_The problem_: With the pictures omitted, transcribe each line below exactly as it is.

_Entries shown_:
==========

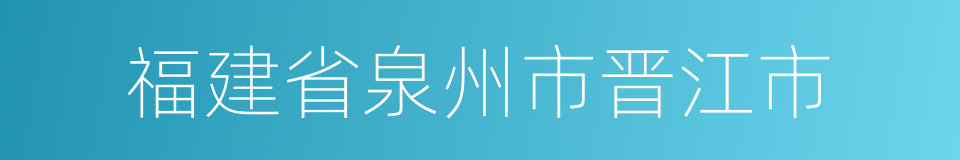 福建省泉州市晋江市的同义词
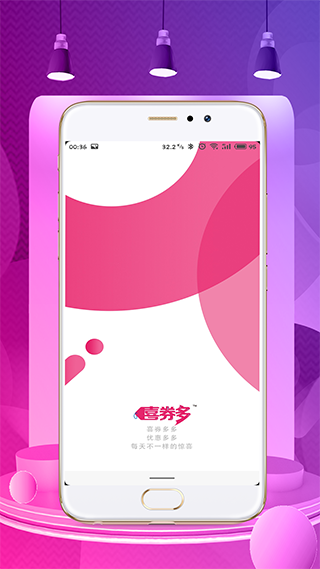喜券多下载安装-喜券多app官网下载 6.4.0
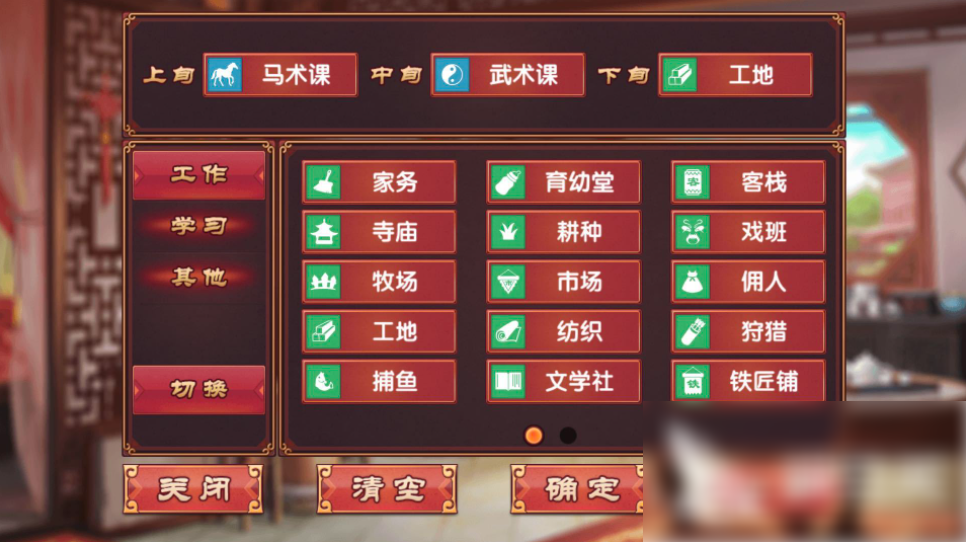 《皇后成长计划2》变瘦方法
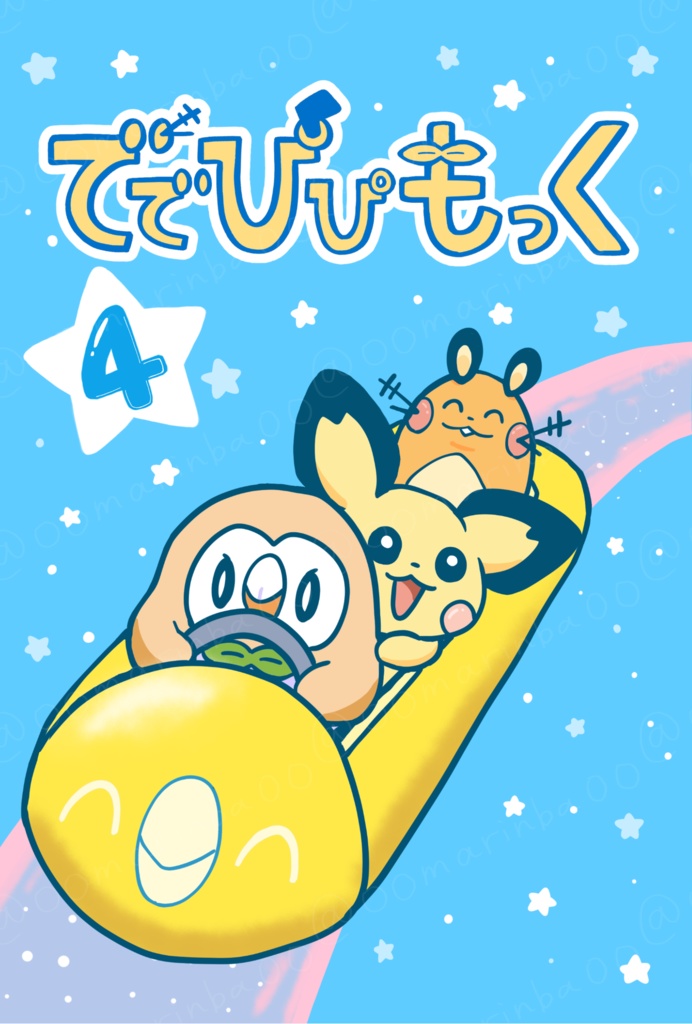 ででぴぴもっく4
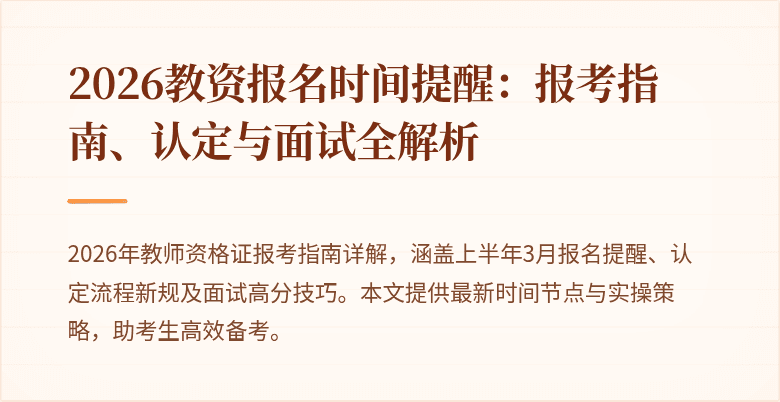 2026教资报名时间提醒:报考指南、认定与面试全解析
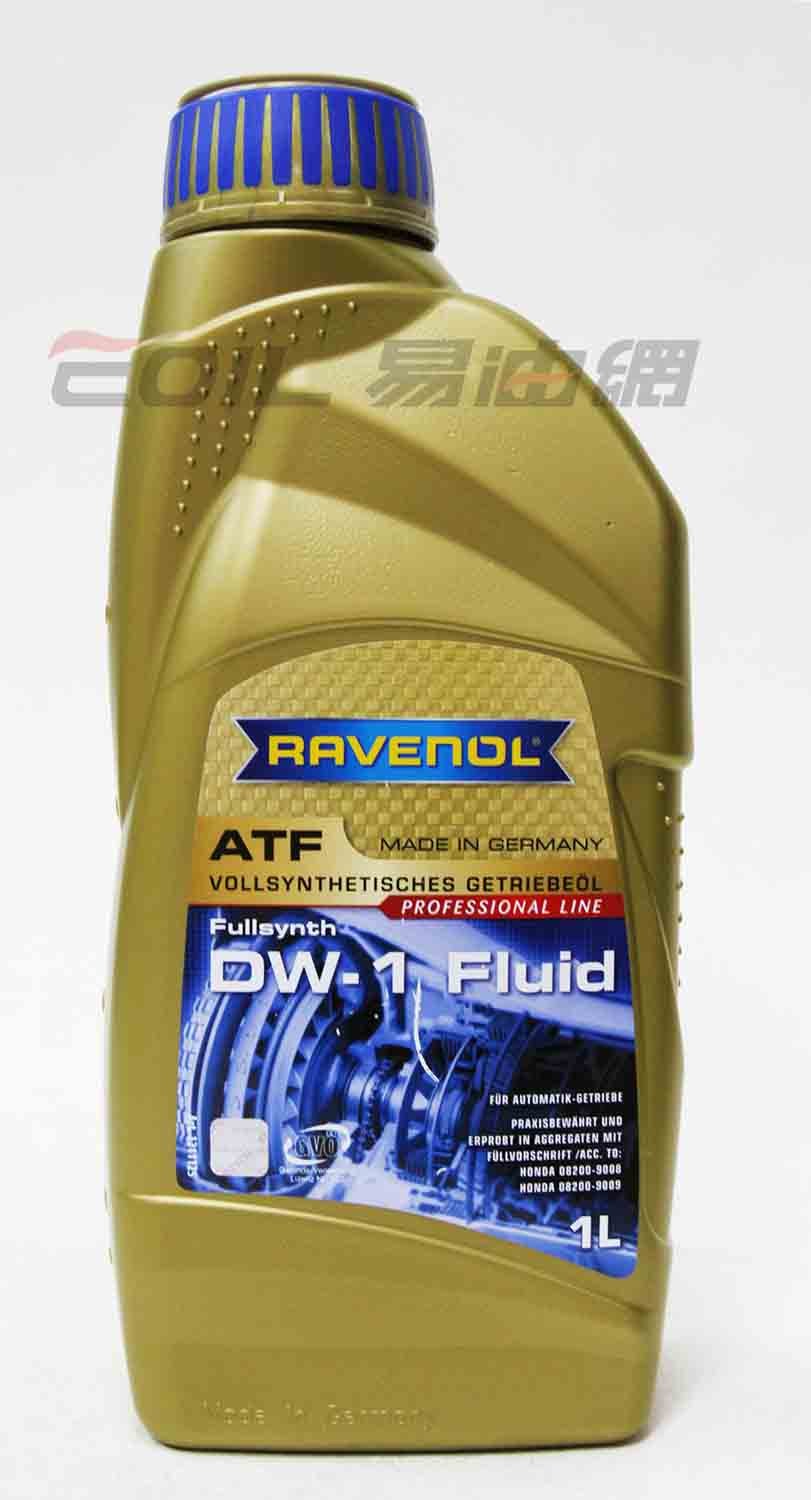 RAVENOL DW-1 Fluid 全合成變速箱油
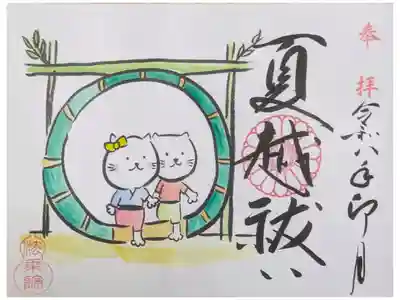 令和八年夏越祓い御朱印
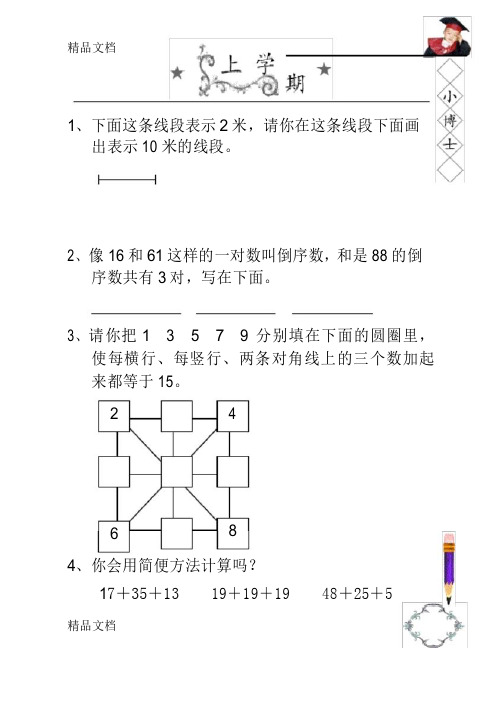 二年级奥数训练全一册上课讲义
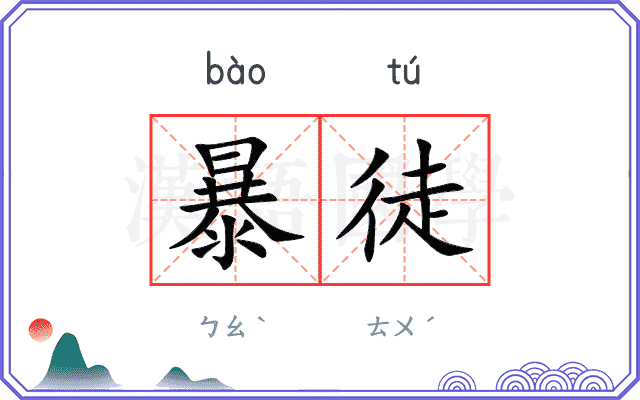 暴徒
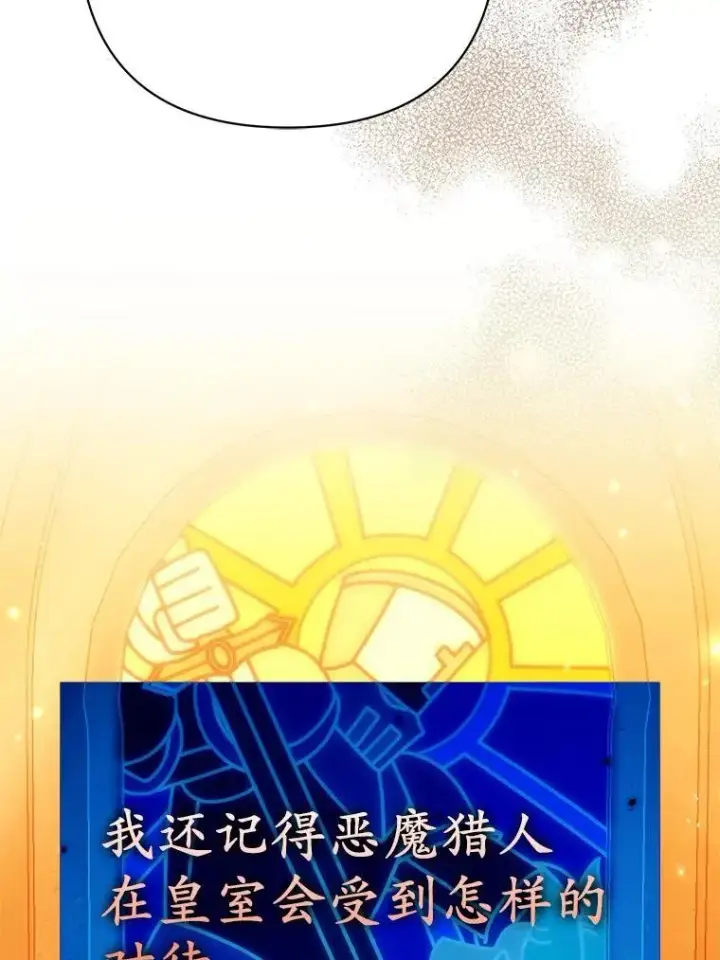 《所以我和废皇太子结婚了》43.副作用图78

==========

_Solved exercise_:
 福建省泉州市晋江市的同义词
喜券多下载安装-喜券多app官网下载 6.4.0
 《皇后成长计划2》变瘦方法
 ででぴぴもっく4
 2026教资报名时间提醒:报考指南、认定与面试全解析
 RAVENOL DW-1 Fluid 全合成變速箱油
 令和八年夏越祓い御朱印
 二年级奥数训练全一册上课讲义
 暴徒
 《所以我和废皇太子结婚了》43.副作用图78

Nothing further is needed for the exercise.